=== Exercise inputs ===

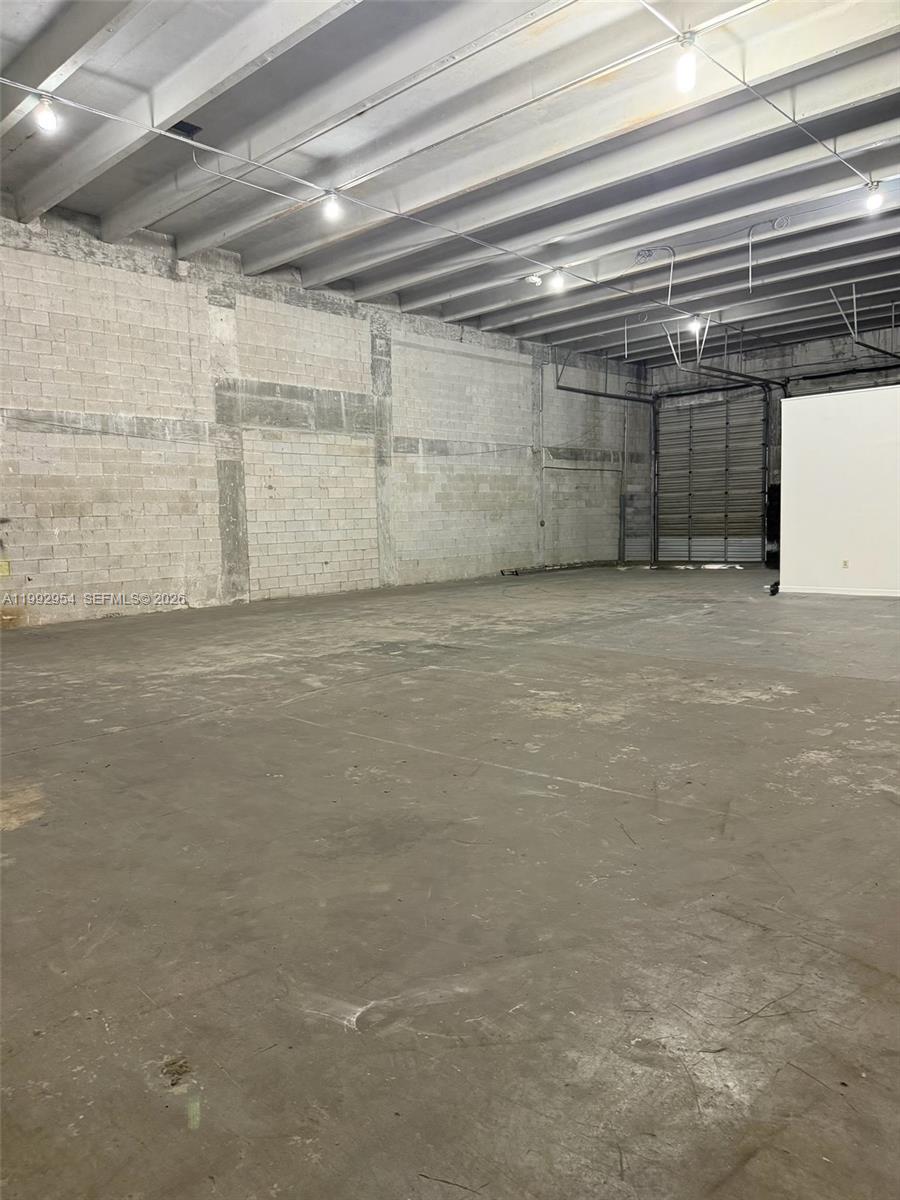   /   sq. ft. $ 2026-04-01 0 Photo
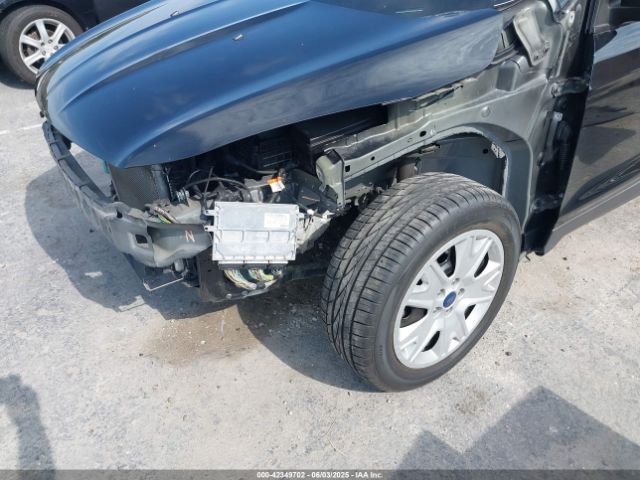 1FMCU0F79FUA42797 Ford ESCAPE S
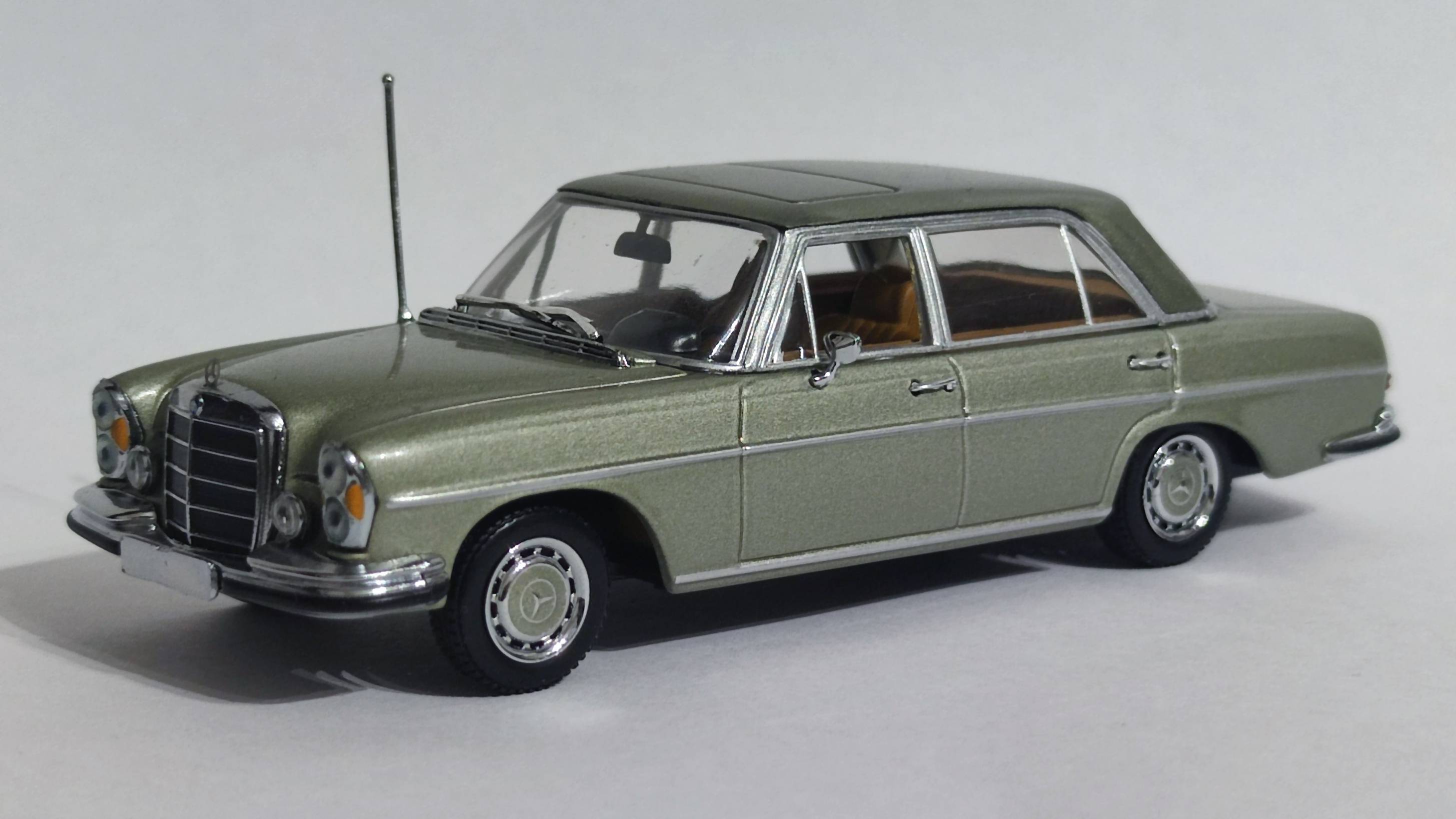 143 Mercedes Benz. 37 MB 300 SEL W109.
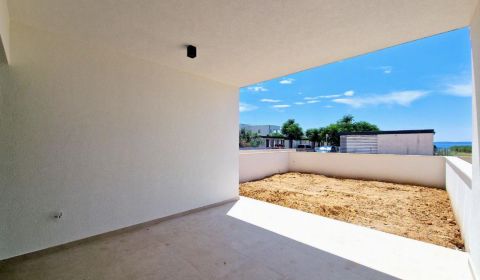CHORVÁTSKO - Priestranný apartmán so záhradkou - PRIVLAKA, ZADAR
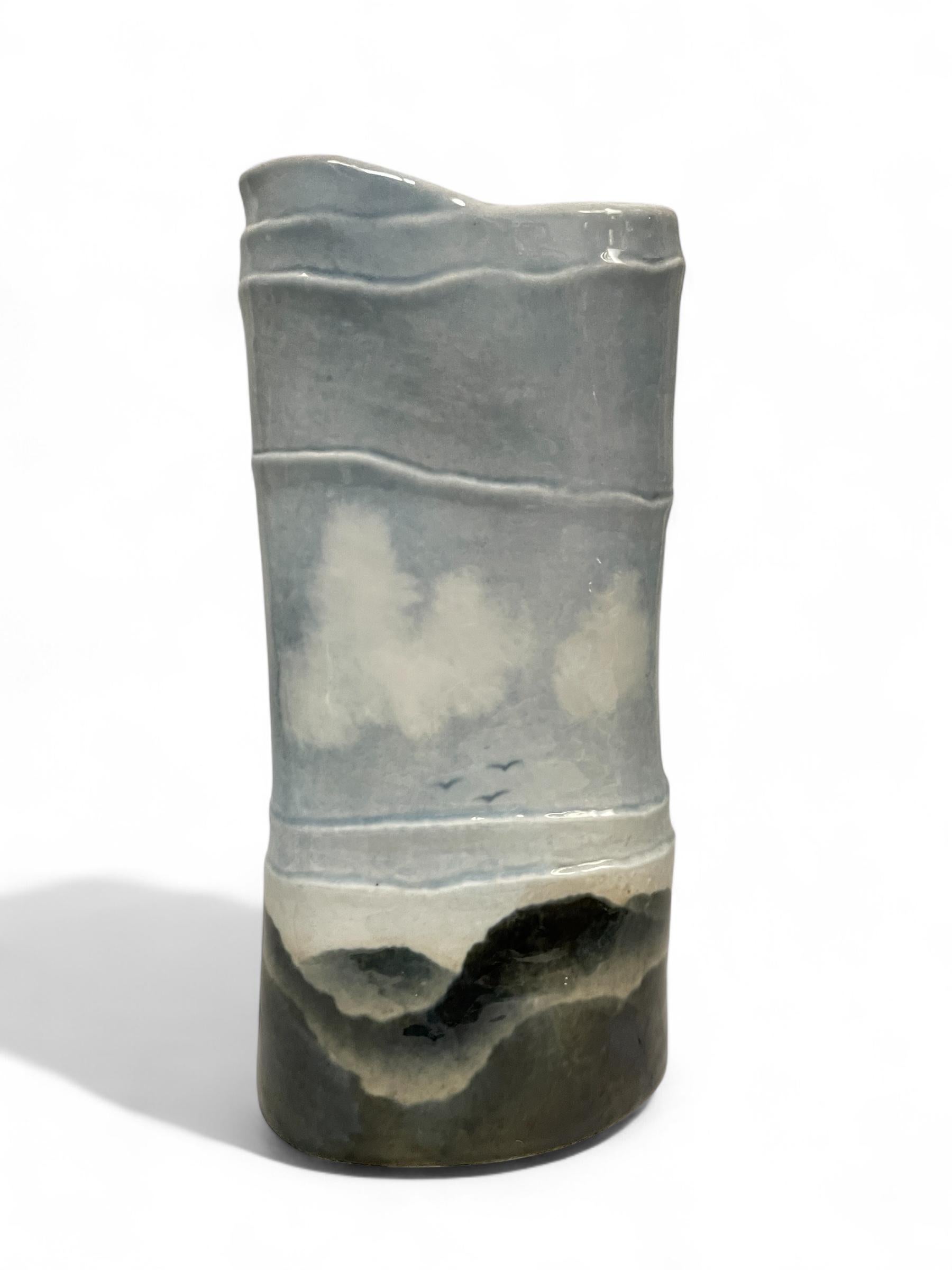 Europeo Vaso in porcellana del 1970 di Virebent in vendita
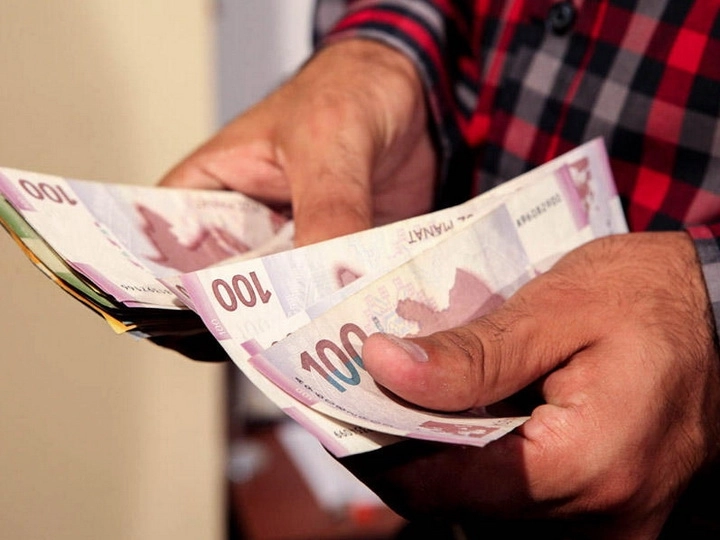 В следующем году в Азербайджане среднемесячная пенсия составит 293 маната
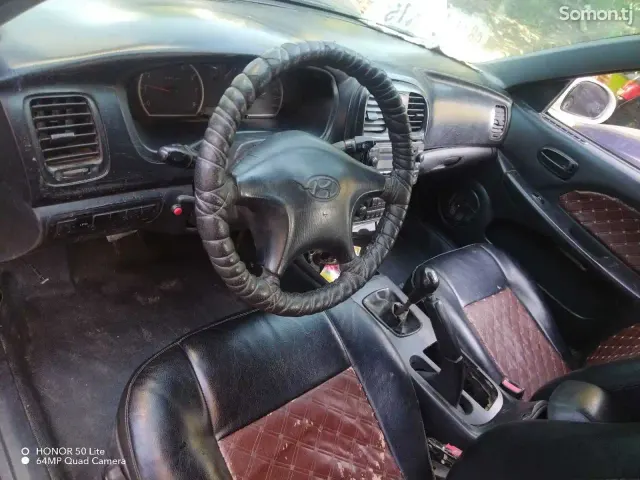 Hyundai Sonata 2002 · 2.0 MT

===

What is being asked: With the pictures set aside, please write out all of the records above exactly.

Answer area:
   /   sq. ft. $ 2026-04-01 0 Photo
 1FMCU0F79FUA42797 Ford ESCAPE S
 143 Mercedes Benz. 37 MB 300 SEL W109.
CHORVÁTSKO - Priestranný apartmán so záhradkou - PRIVLAKA, ZADAR
 Europeo Vaso in porcellana del 1970 di Virebent in vendita
 В следующем году в Азербайджане среднемесячная пенсия составит 293 маната
 Hyundai Sonata 2002 · 2.0 MT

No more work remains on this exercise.